[Records provided Boundary: Start]

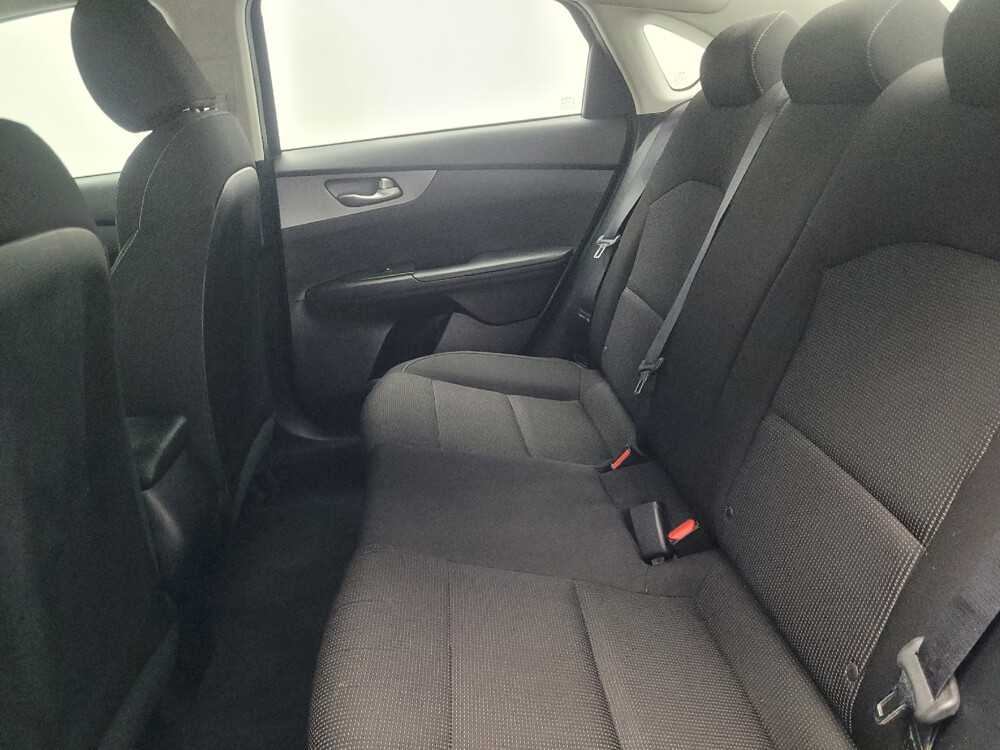 2020 Kia Forte in Jackson, MS 39211 - 18086601 18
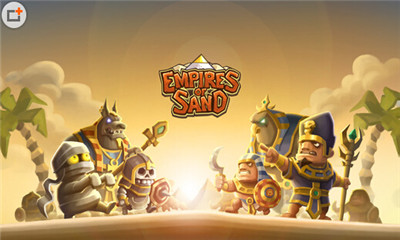 Empires of Sand(ɳĮ۹)ͼ2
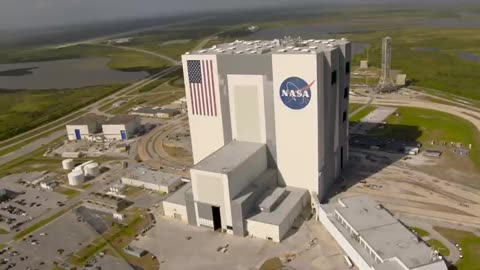 "NASA: Unveiling the Cosmos, Inspiring Humanity"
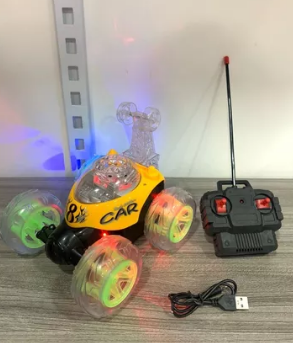 Gray helmet for bikers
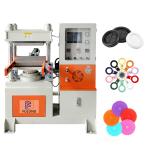 Long Life Rubber Vulcanizing Press Machine frame type / four column type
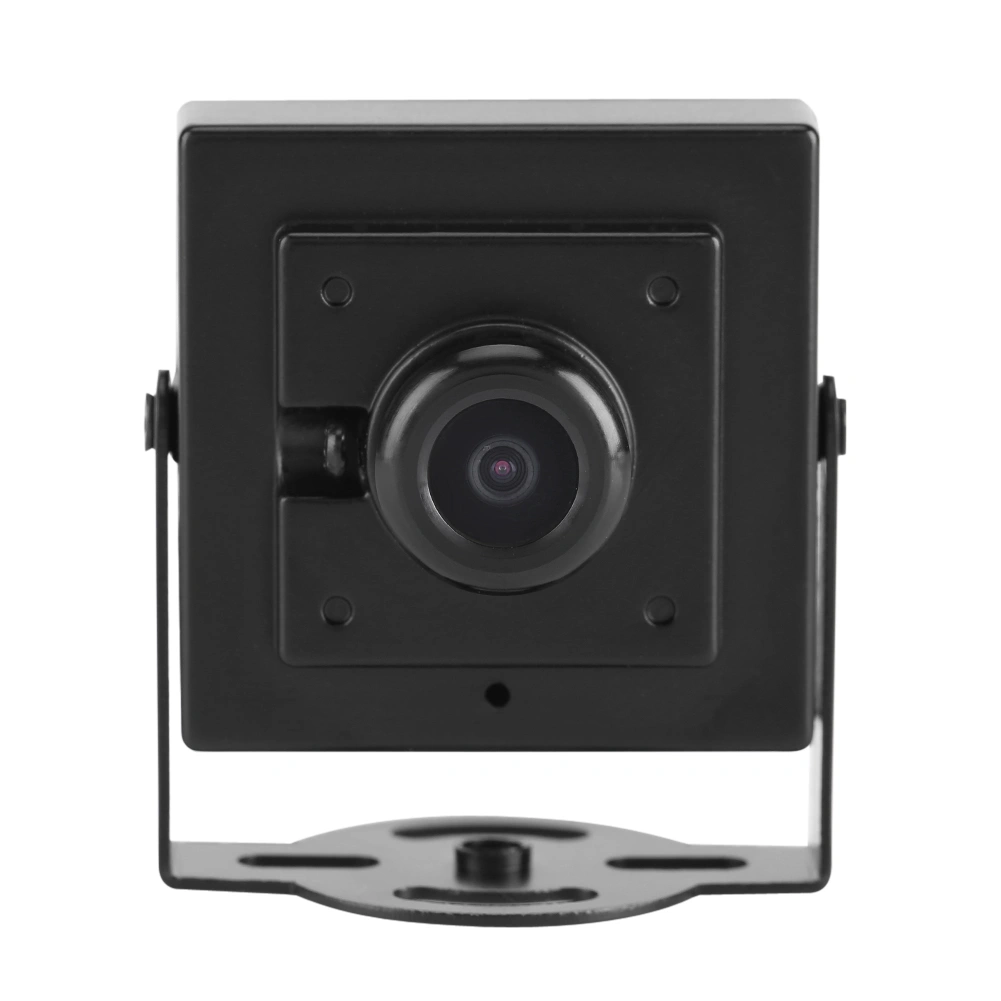 Mini HD 700TVL 100° Wide Angle 2.1mm Lens Security Camera Day Indoor Outdoor Home Office Use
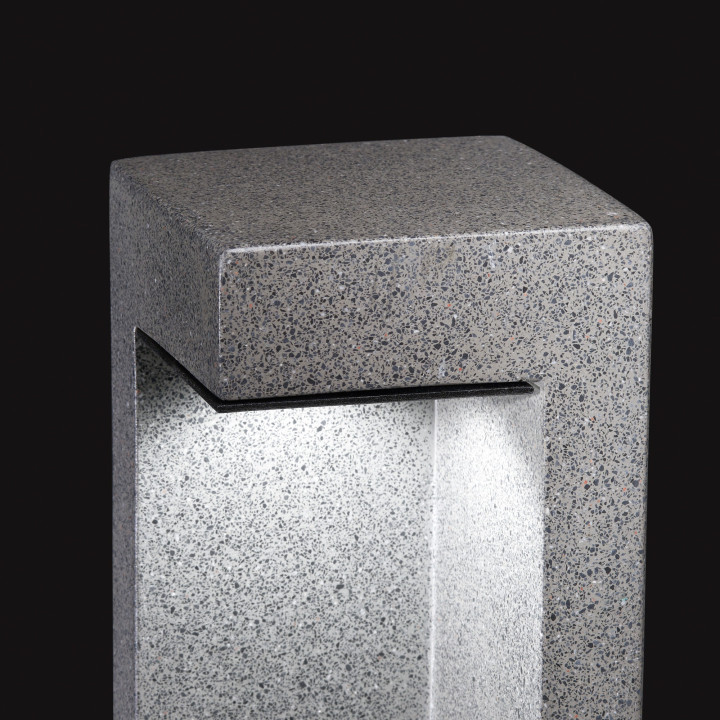 Titano PT H49 4000K - Ideal Lux - lampa stojąca zewnętrzna – zdjęcie 3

[Records provided Boundary: End]

Give back, word for word, the lines from the line that contains "Mini HD 700TVL" through the last line of the records, with no pictures and nothing else.

 Mini HD 700TVL 100° Wide Angle 2.1mm Lens Security Camera Day Indoor Outdoor Home Office Use
 Titano PT H49 4000K - Ideal Lux - lampa stojąca zewnętrzna – zdjęcie 3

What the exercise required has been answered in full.